I did some weaving in college and enjoyed it, but never felt I made anything with a personal look to it. As simple as it is, I feel like this scarf does just that. I hope to spend more time in the weaving studio this winter.

Around the same time as I was making the scarf, my friend Erika also asked me if I would make a book using graph paper and goats. I think this is the most fun commission I've ever been asked to do. So good! I'm working on it right now and I'll give you a sneak peek in process.

in progress case bound book

And lastly, I saw this incredible mushroom while walking home yesterday, and I identified it. Done and done.

an indigo milky mushroom

My oh Mycology

I took some pictures of these incredible mushrooms today, coincidentally, a day after buying the National Audubon Society Field Guide to Mushrooms. I grew up with this book around the house, which I found fascinating because of its glossy black pages and images of strange fungi. It's a beautiful book, slim and tall with dark brown plastic covers. When I go for walks, I love looking for mushroom. Strange little creatures that appear like magic, poking their heads out of the wet leaves after a good rain.

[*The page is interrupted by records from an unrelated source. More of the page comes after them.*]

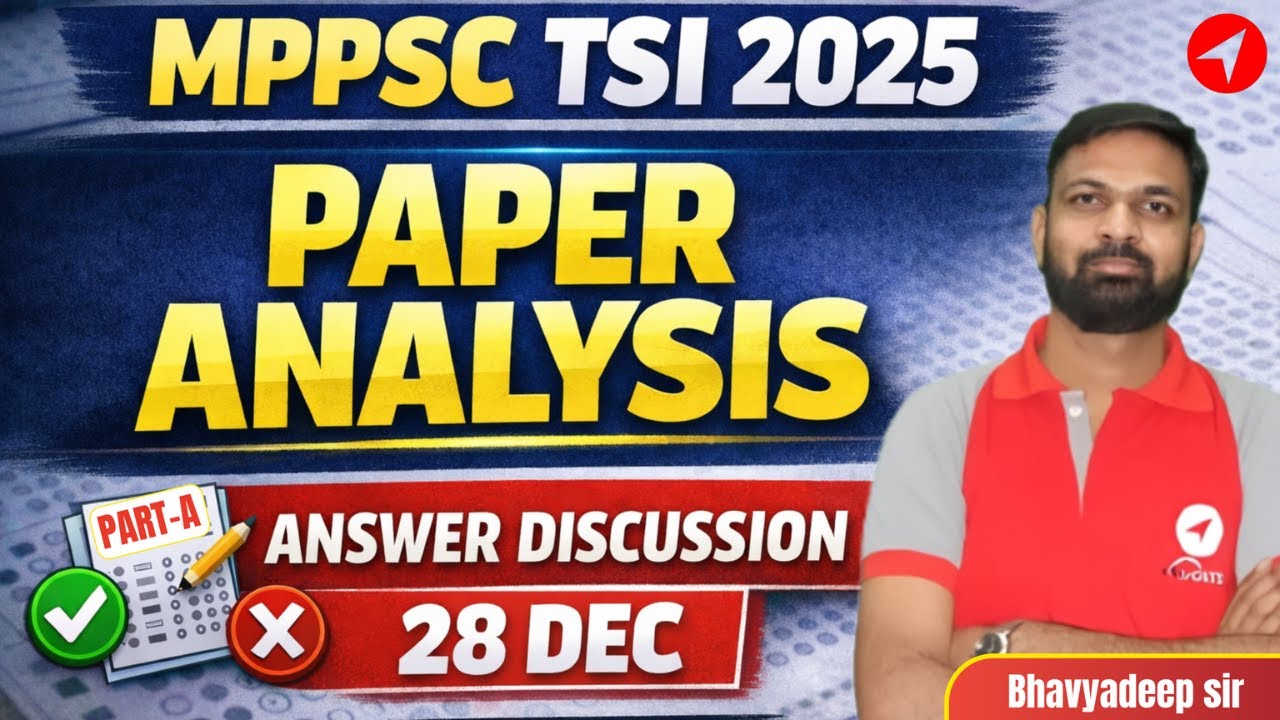 MPPSC TSI Exam 2025 | 28 Dec Paper Review | Answer Discussion|By-Bhavyadeep Sir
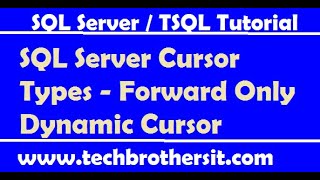 SQL Server Cursor Types - Forward Only Dynamic Cursor | SQL Server Tutorial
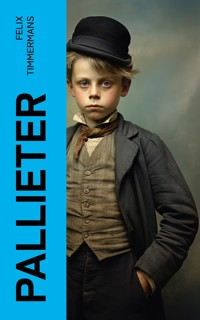 Pallieter - Felix Timmermans - E-Book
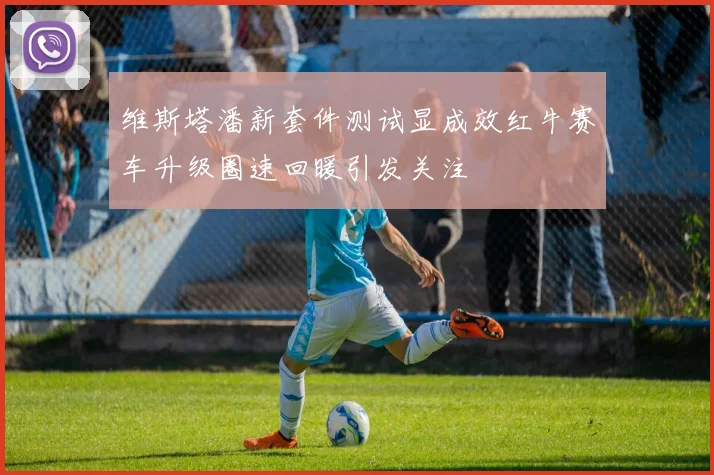 维斯塔潘新套件测试显成效红牛赛车升级圈速回暖引发关注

These mushroom are huge by the way. The pinkish white one (chicken of the woods I believe) is about two feet across and the orange one (jack o ' lantern I think) is about three feet.

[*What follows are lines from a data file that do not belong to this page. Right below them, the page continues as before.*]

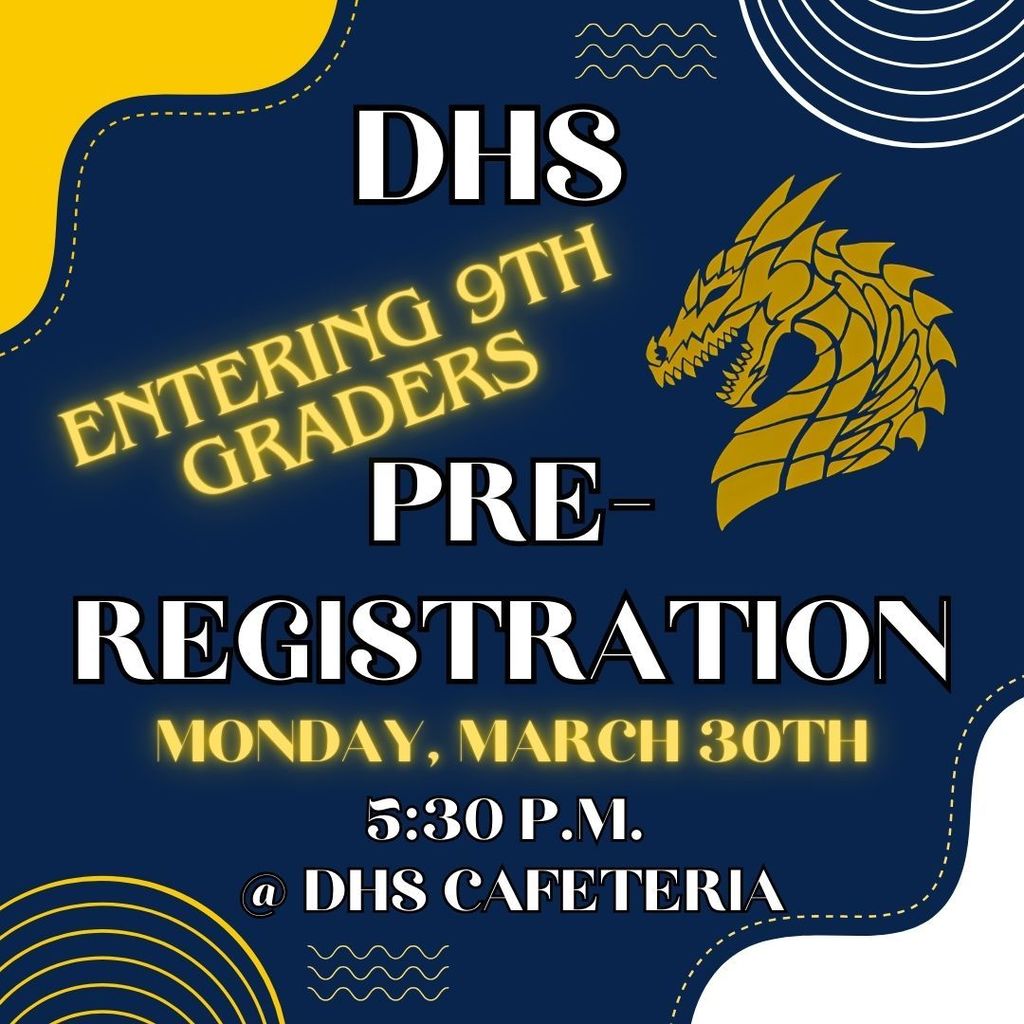 Entering 9th graders, there will be a pre-registration meeting, Monday, March 30th at 5:30 p.m. in the DHS cafeteria.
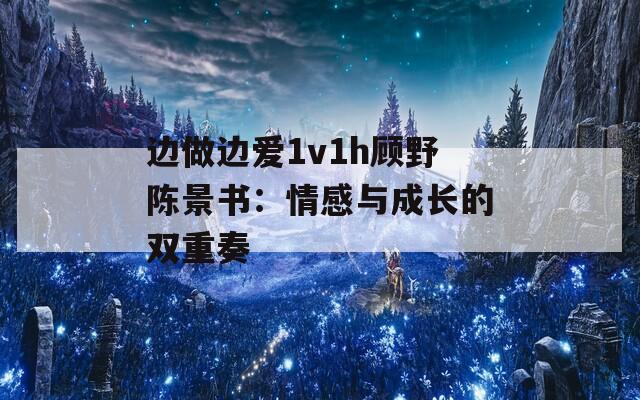 边做边爱1v1h顾野陈景书：情感与成长的双重奏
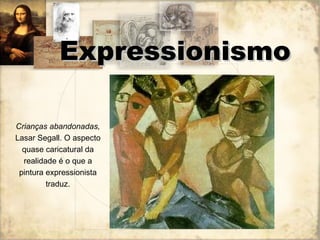 Expressionismo Crianças abandonadas,  Lasar Segall. O aspecto quase caricatural da realidade é o que a pintura expressionista traduz. 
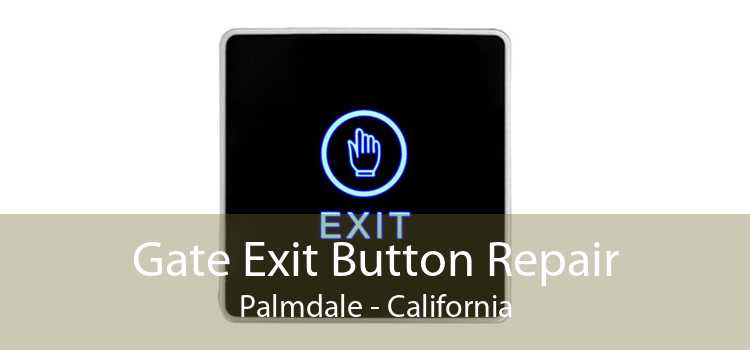 Gate Exit Button Repair Palmdale - California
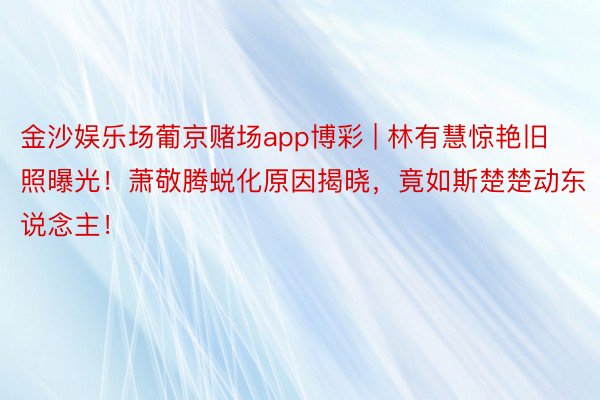 金沙娱乐场葡京赌场app博彩 | 林有慧惊艳旧照曝光！萧敬腾蜕化原因揭晓，竟如斯楚楚动东说念主！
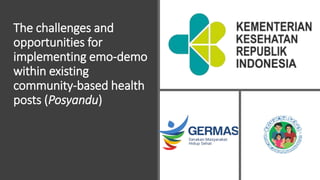 The challenges and
opportunities for
implementing emo-demo
within existing
community-based health
posts (Posyandu)
 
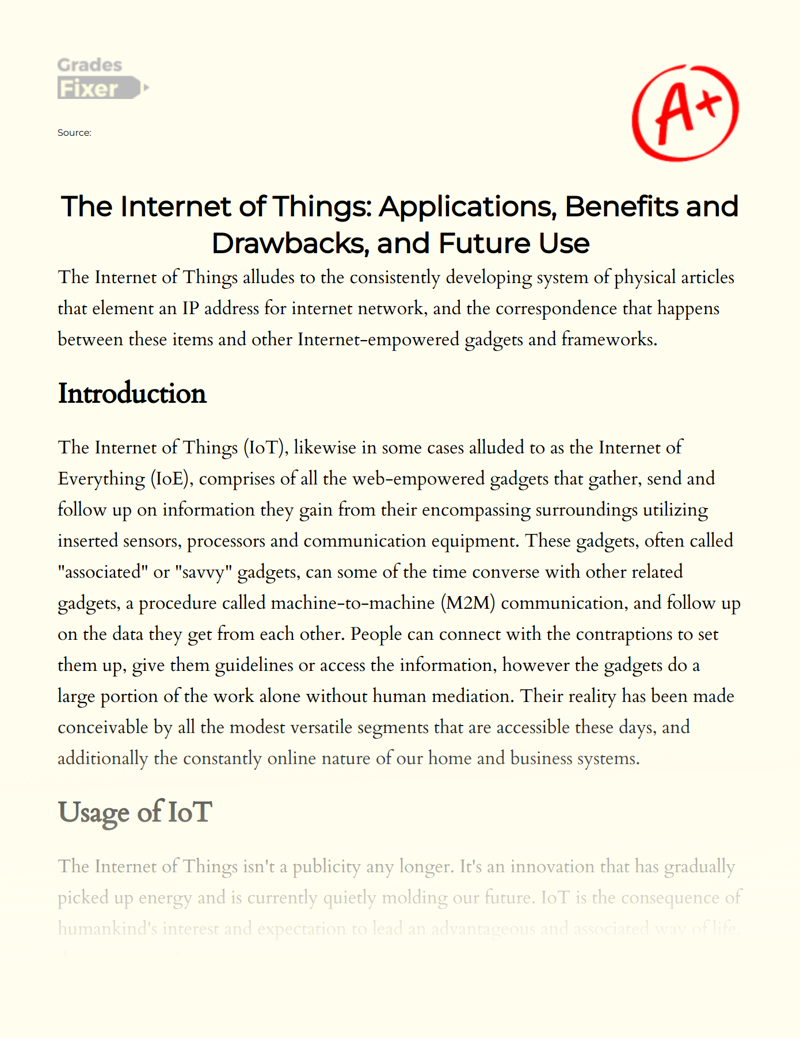 The Internet of Things, Its Benefits and Future  Essay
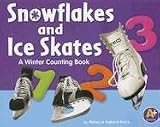 Search : Snowflakes and Ice Skates: A Winter Counting Book (A + Books Counting Books)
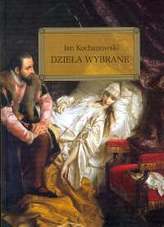 Dzieła wybrane. Jan Kochanowski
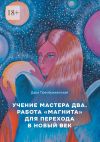 Книга Учение мастера два. Работа «магнита» для перехода в Новый век автора Дара Преображенская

I'll also share with you some pictures of another field guide to mushrooms soon. It has the most wonderful color palette. I'll also show you some of the weaving I just made... Inspired by graph paper!

Summer is over, so there will be more time to talk about all these wonderful things.

Rab and His Friends

Rab and His Friends is a slim, 5.5" x 4.5" volume of stories by Dr. John Brown. It starts interestingly enough, "Four-and thirty years ago, Bob Ainslie and I were coming up Infirmary Street from the High School, or heads together, and our arms intertwisted, as only lovers and boys knows how, or why..." but really I haven't read further than that. The reason for this is I bought this book for it's cover. So it's a fact, people judge books by their covers. Take that, content.

It is a lovely cover, made of teal book cloth with a long, rectangular window and the title plainly gold-stamped in the lower right hand corner. What I found especially beautiful about this book was how the image in the window had been worn away to abstraction.

The first title page is so humble, just the title of the book printed crookedly in black ink. Rab and His Friends. That's it.

The second page is a more traditional decorative title page printed in red and green. These pages as well as the rest of the book were so obviously hand printed that I decided to try to research the book on the internet. Soon enough, I found an entire web page devoted to the work of the Henry Altemus Company, the publishers of this edition.

And get this, they are from Philadelphia, my dearly missed home. It was pretty fascinating to the read the history of the company and to recognize so many addresses. I like to imagine what Philadelphia was like when it was a more industrialized place, and so many more things were being made right there in the city. There are some great examples of advertising ephemera on the Henry Altemus Web Site. I recommend checking it out if you feel like geeking out on what it was like to be a publishing company in the 1800-1900's. I know I did!

And ladies. Do yourself a favor and pick this one up. It's witty, it's philosophical, it's full of sound sense in concentrated lozenges, need I say more? I don't think so.